Es waren menschliche Abgründe, in die Dorothee Trynogga nun fast fünf Jahre hineinblicken musste. Priester, die sich an Jugendlichen sexuell vergingen, Ordensschwestern, die Heimkinder schlugen, kirchliche Mitarbeiter, die eine Machtposition ausnutzten. Im Mai 2010, auf dem Höhepunkt der Debatte um Missbrauchsfälle im Bistum Essen, ernannte Bischof Franz-Josef Overbeck die Diplom-Theologin und fünffache Mutter offiziell zur „Bischöflichen Beauftragten für die Prüfung von Vorwürfen sexuellen Missbrauchs Minderjähriger und erwachsener Schutzbefohlener“. Zum 1. Oktober hat die 51-Jährige ihr Amt nun an ihren Stellvertreter Karl Sarholz übergeben.
Sie selbst möchte über ihre Erfahrungen öffentlich nicht reden, was zu respektieren ist. Ulrich Lota, der Sprecher des Bistums, war aber an Trynoggas Seite bei vielen der Anhörungen von Opfern und Tätern und hat erlebt, wie belastend diese Sitzungen gewesen sind. „Die Schicksale haben mich auch danach nicht losgelassen“, sagt Lota. Schockierend sei vor allem auch das mitunter geringe Unrechtsbewusstsein der Täter gewesen. „Da sind Leute mit einer Chuzpe vorgegangen, die mich schockiert hat.“ Für den Rückzug von Dorothee Trynogga habe es keinen besonderen Anlass gegeben, „aber man kann das nur eine bestimmte Zeit machen.“
In Zahlen sieht es so aus: 159 Hinweise auf Missbrauch hat es in diesen Jahren gegeben. Der Zeitraum betraf die Jahre 1950 bis in die unmittelbare Gegenwart, Schwerpunkt waren laut Lota die Jahre 1960 bis 1980. Genau 88 potenzielle Täter aus dem Bereich des Bistums Essen wurden benannt, darunter 35 Priester und 19 Ordensangehörige, letztere wohl überwiegend aus dem Franz-Sales-Haus.

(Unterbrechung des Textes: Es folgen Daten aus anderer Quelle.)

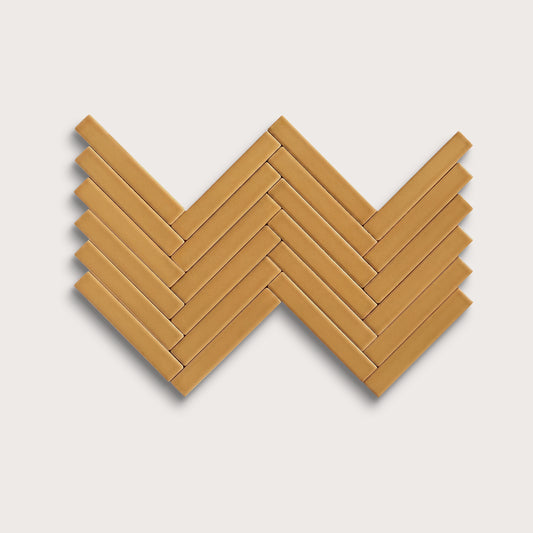 Gambol Gold ceramic tile, 1 by 6 inch herringbone mosaic, matte finish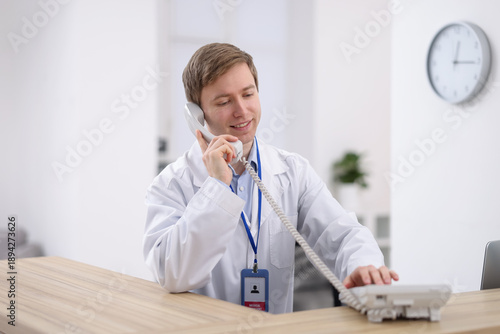 Foto Medical assistant answering phone at reception in clinic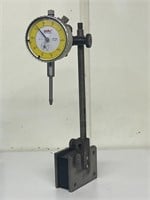 Machinist dial indicator on magnetized stand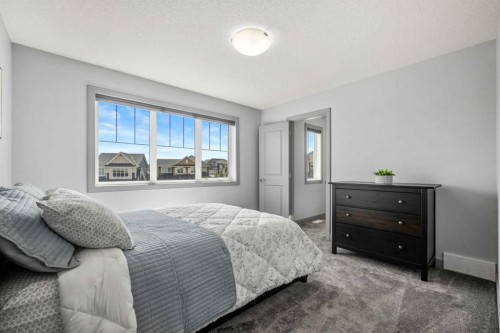 229 Stonemere Bay, Chestermere, AB - Indoor Photo Showing Bedroom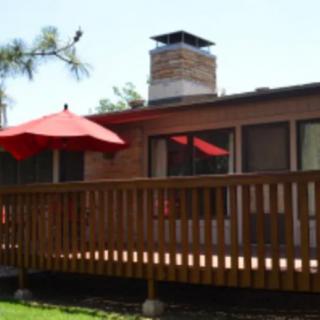 A house with a wooden deck featuring a red umbrella and a chimney.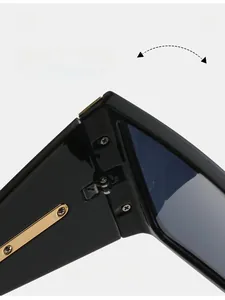Macro shot of durable black frame sunglasses with golden metal hinge detail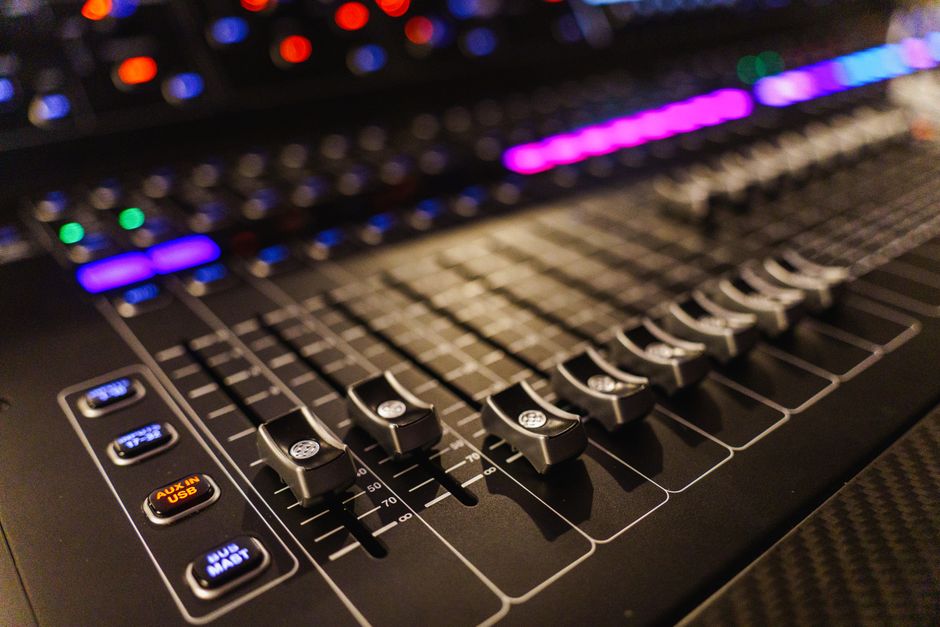 Detailed view of an advanced audio mixing console, perfect for studios.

Von den 88 Beschuldigten waren allerdings bis auf 15 alle verstorben, als ihre möglichen Missetaten ans Licht kamen. Von diesen 15 schließlich kam es in fünf Fällen zu Anklagen der Staatsanwaltschaft und als Folge auch zu Urteilen vor einem Gericht. „Der gravierendste Fall war der eines Bottroper Priesters, der wegen fortgesetzten Missbrauchs zu drei Jahren und neun Monaten Haft verurteilt wurde“, sagt Ulrich Lota. Ansonsten gab es Bewährungsstrafen und in einem Essener Fall einen Strafbefehl.

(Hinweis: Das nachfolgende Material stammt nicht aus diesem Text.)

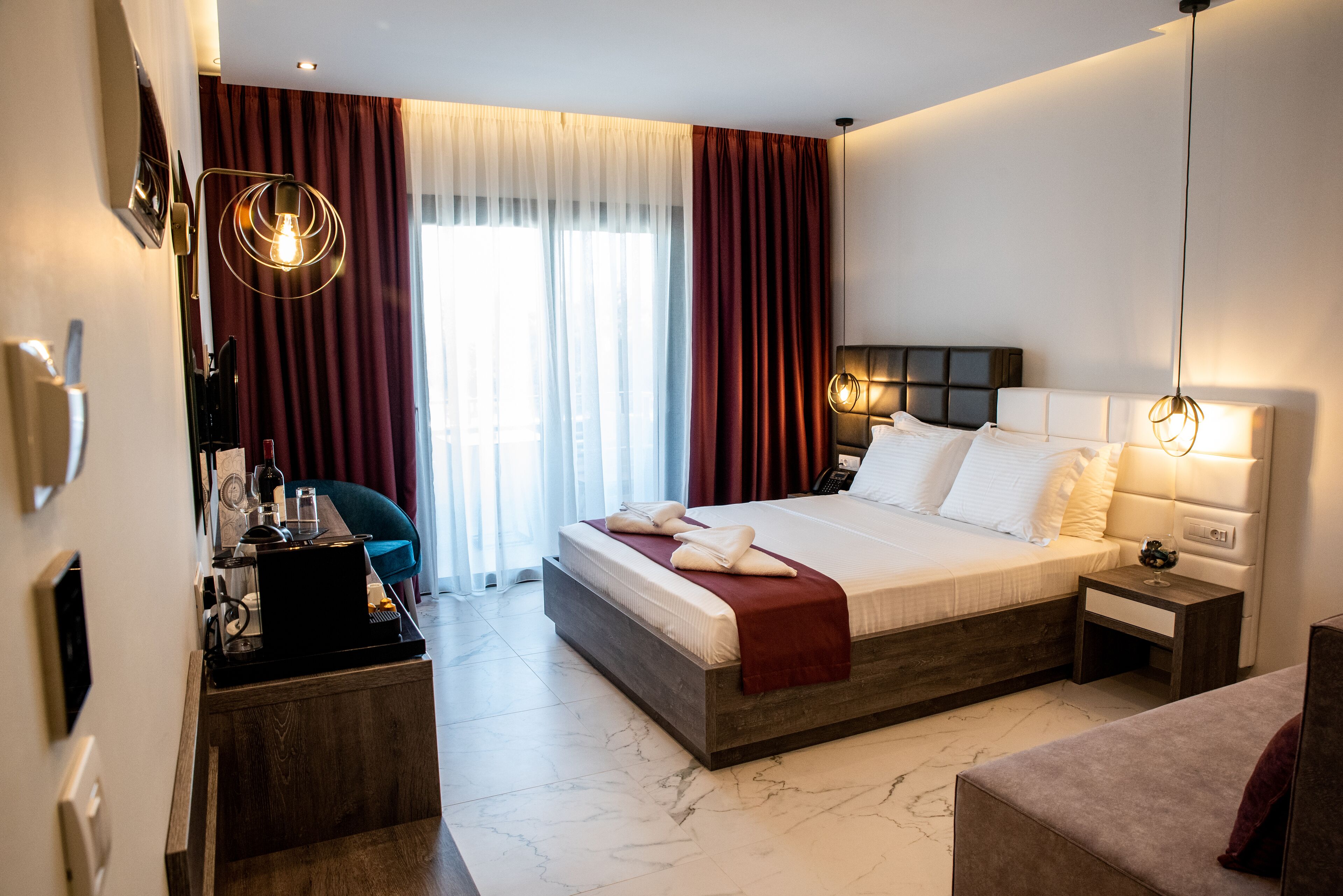 A modern hotel room with a large bed, bedside tables, a desk with a computer, and a chair.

Franz-Josef Overbeck würdigte die Arbeit von Dorothee Trynogga in seinem Entpflichtungsschreiben und bedankte sich „von Herzen“. Trynogga habe zahlreiche Fälle aufgeklärt und den Opfern sexuellen Missbrauchs geholfen, „ihre schrecklichen Erfahrungen auszusprechen und dadurch Hilfe zu erfahren“, so der Bischof. Er wisse, dass dies für die 51-Jährig oft auch sehr belastend gewesen sei. „Dennoch haben Sie mit Umsicht agiert und gemeinsam mit dem Arbeitsstab alles getan, um die Vielzahl der menschlichen Schicksale gut zu bearbeiten und vor allem die Not der Opfer ganz besonders im Blick gehalten.“ Die Aufgabe des Bischöflichen Beauftragten ist weiterhin eingebunden in einen Beraterstab. Frauen und Männer mit unterschiedlichen Fachkompetenzen sollen Vorwürfe sexueller Gewalt prüfen und dem Bischof Handlungsempfehlungen geben. Auch künftig, so Ulrich Lota, sei dabei eines wichtig: Die Missbrauchs-Beauftragten sollten sich gut auskennen in der Kirche, jedoch nicht hauptberuflich dort tätig sein, sondern unabhängig agieren können.